WHAT YOU HAVE TO DO
Starting from the line with "It will directly download the" and going up to and including the line with "5 multiplied by 2", copy the listing below exactly. Leave all images out.

*** SUPPLIED DATA Section Begins ***

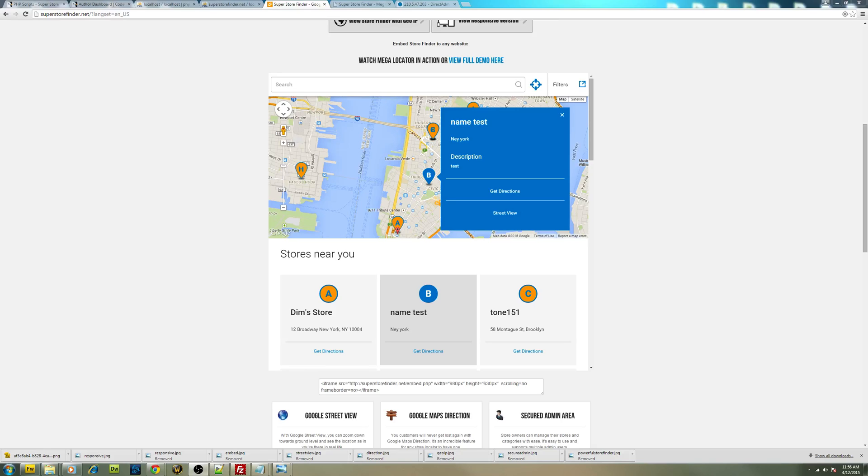Welcome to another video. This is Joe from Super Store Finder. In this video, I'll be teaching you a step-by-step guide tutorial on how to install the Mega Locator theme.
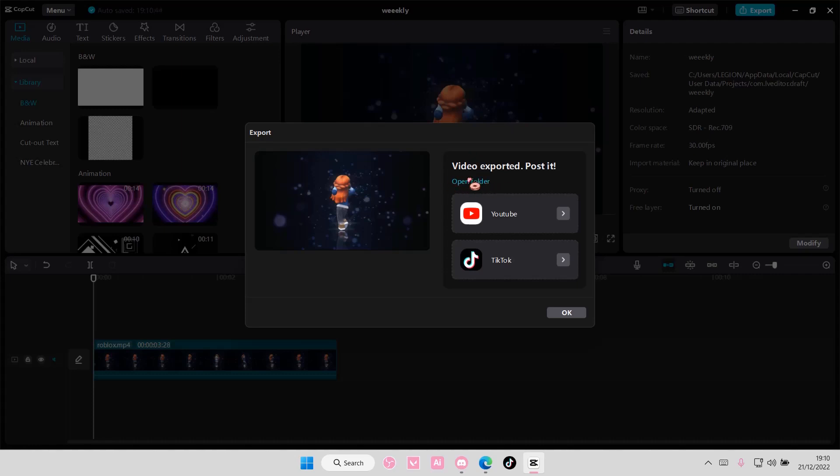So open folder here and it's going to direct you to that folder where it has your exported video. But that is basically it.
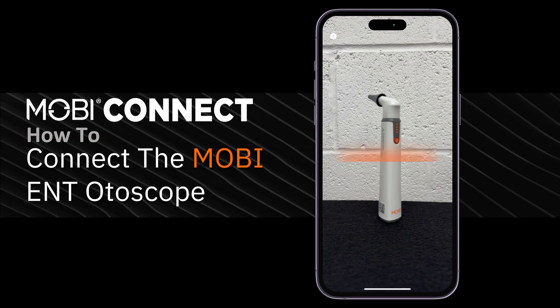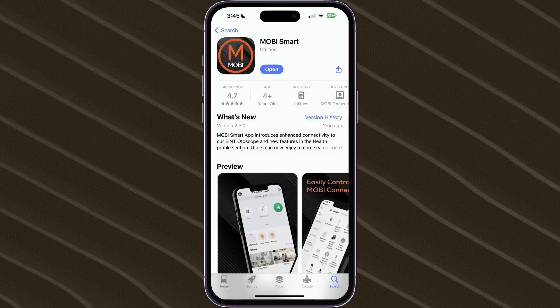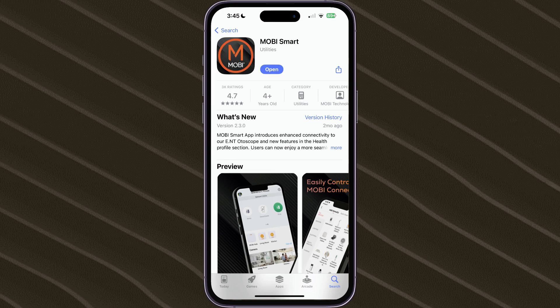Hello, in this video I will demonstrate how to connect the Mobi ENT Otoscope. To begin, please download the Mobi Smart app and sign up for an account.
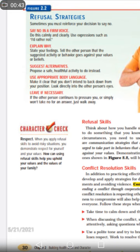Let's explain clearly. Then explain why. State your feelings. Tell the other persons that the suggested activity or behavior goes against your values and beliefs.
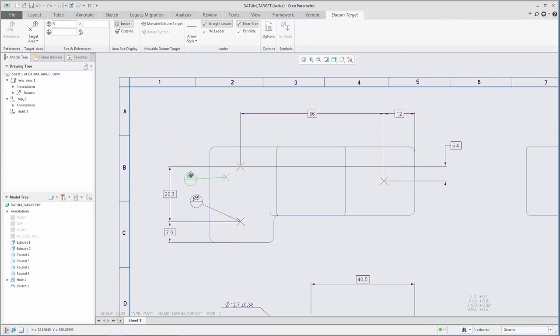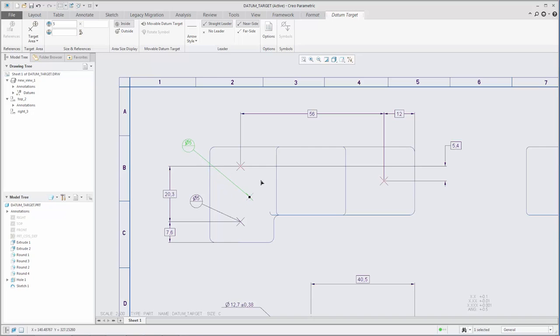You can modify the placement of the datum target annotation by dragging it. If the leader is placed on a model surface, you can drag the attachment point to another location on the surface.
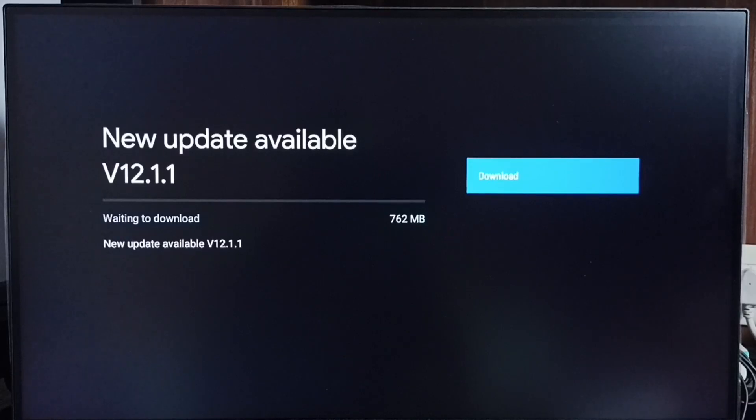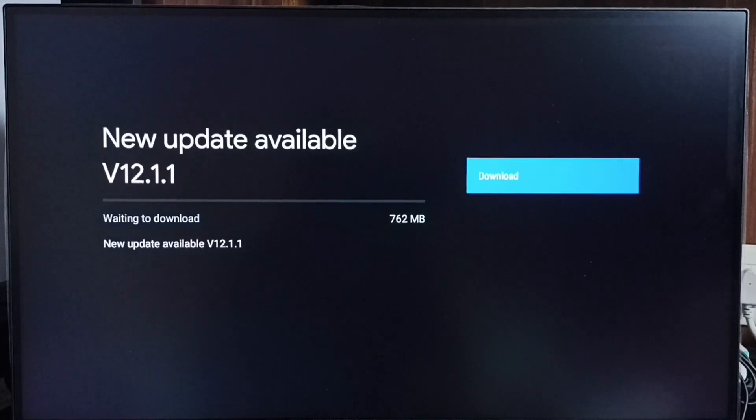It shows new update available. Version of this new update is Android TV OS version 12.1.1. Size of the update is 762 MB.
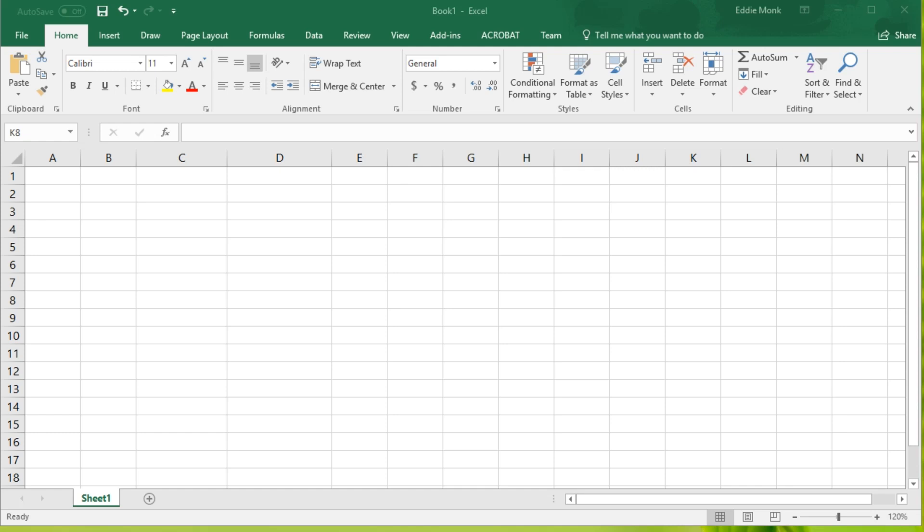Hey guys, it's Eddie the Magic Monk. In the next few lessons we're going to start coding in Microsoft Excel using VBA, Visual Basic for Applications. Now the first thing you have to do in Excel before you start coding is you have to enable the Developer tab.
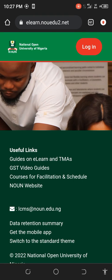Hi everyone, this is Coyote. In this video I'll be teaching you guys how to control your e-learning portal, for new students. I'm going to teach you guys how to manage and be able to control your e-learning site.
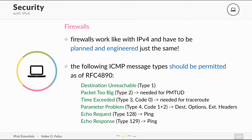Those permitted ICMP messages are: destination unreachable, packet too big (for path MTU discovery), time exceeded (needed for traceroute), parameter problem (checks extension headers and destination options), echo request which is ping, and echo response which is the reply to ping. These should be enabled in all networks to allow troubleshooting and the correct operation of IPv6.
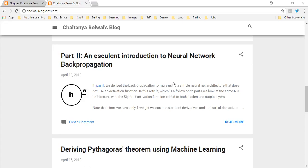Hello, this is Chaitanya Bailwal. In this video, I'm going to walk you through part 2 of the article which is dealing with a simple introduction to neural network backpropagation. The main article is in my blog, whose link I will have in the video description.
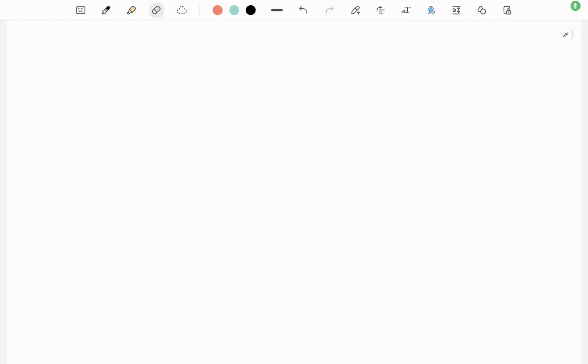Hey everyone, in this video I'm going to show you how carbon dating works. So on Earth we've got two types, two isotopes of carbon.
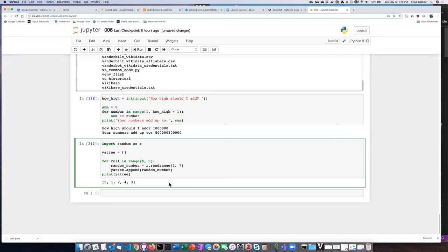So yeah, one of the things that would actually be even more cool would be to have it do the number rolling a whole bunch of times. But I think we'll not get into that right now.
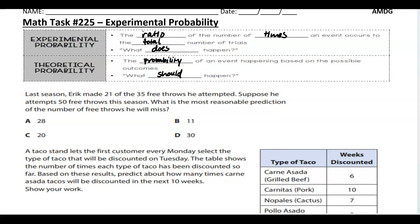Last season, Eric made 21 out of 35 free throws he attempted. Supposedly he attempts 53 throws this season. What's the most reasonable prediction for the number of free throws? First, you want to figure out what his current probability is. So 21 out of 35 gives you a 60% free throw chance.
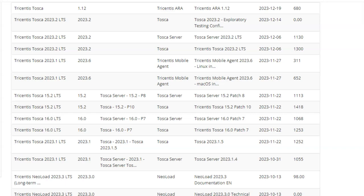It will directly download the server 16 patch. You can download this one - Tosca 16 P7. I will give the link. Once you hit this, 'Tricentis Tosca 16.0,' it will directly download.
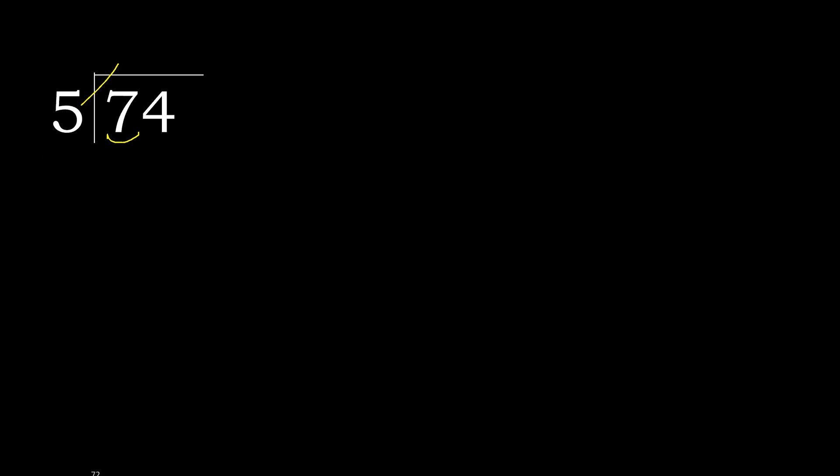5 multiplied by 2 is 10. 10 is greater. 5 multiplied by 1 is 5, is not greater. 7 minus 5 is 2, next.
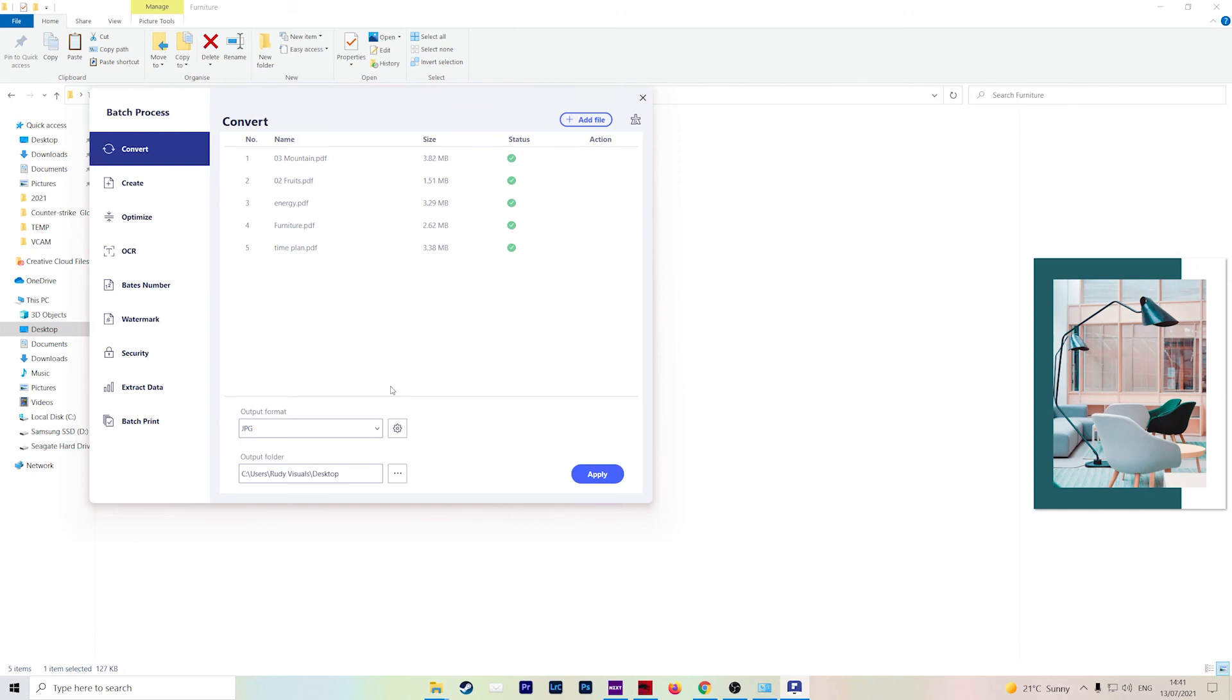And there you have it. That's how easy it is to use Wondershare PDFElement to convert PDFs. So hopefully you found that useful. What are you waiting for? Download and start using Wondershare PDFElement right now. You can check out the links in the description box to find out more. And also do not forget to subscribe to the Wondershare PDFElement YouTube channel and stay up to date. Thank you so much for watching and see you next time.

*** SUPPLIED DATA Section Ends ***

EXERCISE SOLUTION
It will directly download the server 16 patch. You can download this one - Tosca 16 P7. I will give the link. Once you hit this, 'Tricentis Tosca 16.0,' it will directly download.
5 multiplied by 2 is 10. 10 is greater. 5 multiplied by 1 is 5, is not greater. 7 minus 5 is 2, next.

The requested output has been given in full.